Your instructions — From the listing below, reproduce exactly the lines starting with the one with "Actor Goundamani Rare" and going on through the one with "Gijs Dekkers met", both ends kept. No picture is copied.

Information —
• • • • • • •
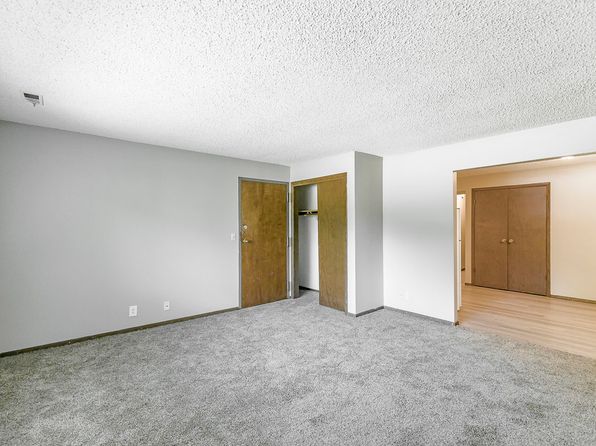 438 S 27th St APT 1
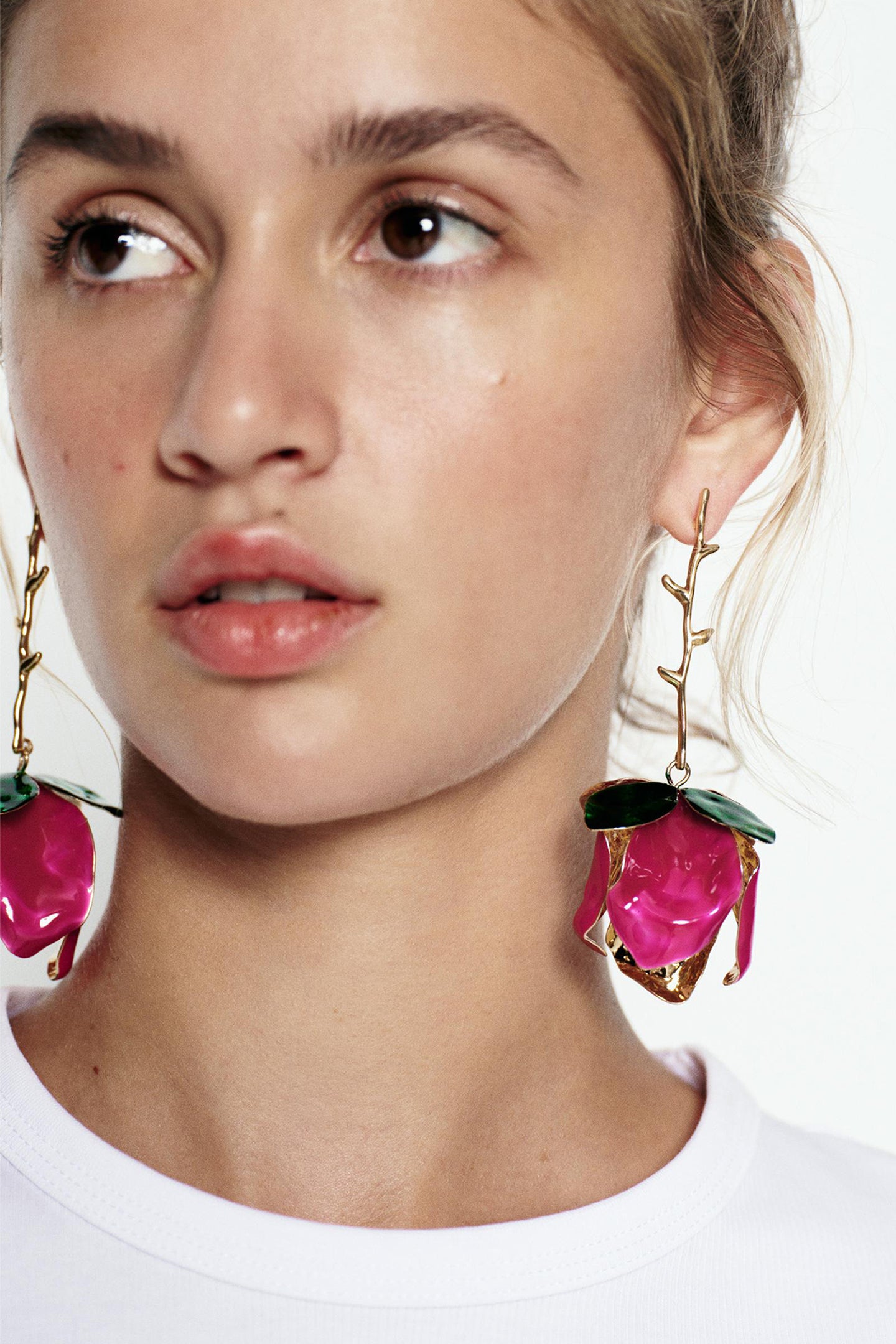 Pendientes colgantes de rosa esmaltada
• • • • • • •
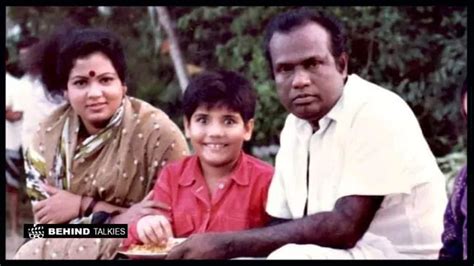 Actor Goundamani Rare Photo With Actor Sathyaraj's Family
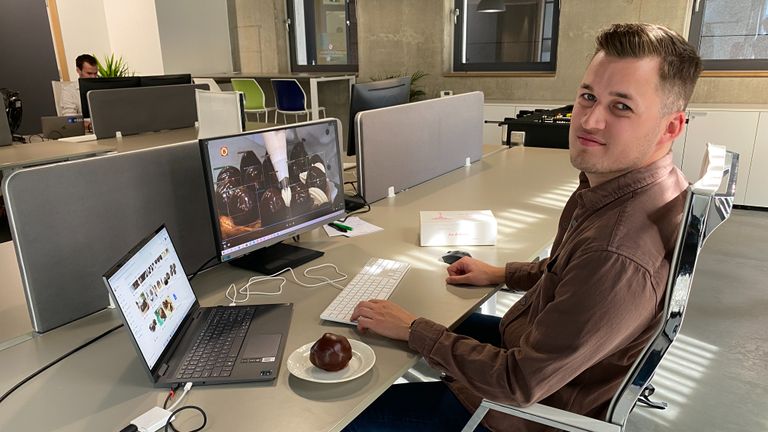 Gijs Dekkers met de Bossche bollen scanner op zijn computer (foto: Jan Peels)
• • • • • • •
Problem solution —
 Actor Goundamani Rare Photo With Actor Sathyaraj's Family
 Gijs Dekkers met de Bossche bollen scanner op zijn computer (foto: Jan Peels)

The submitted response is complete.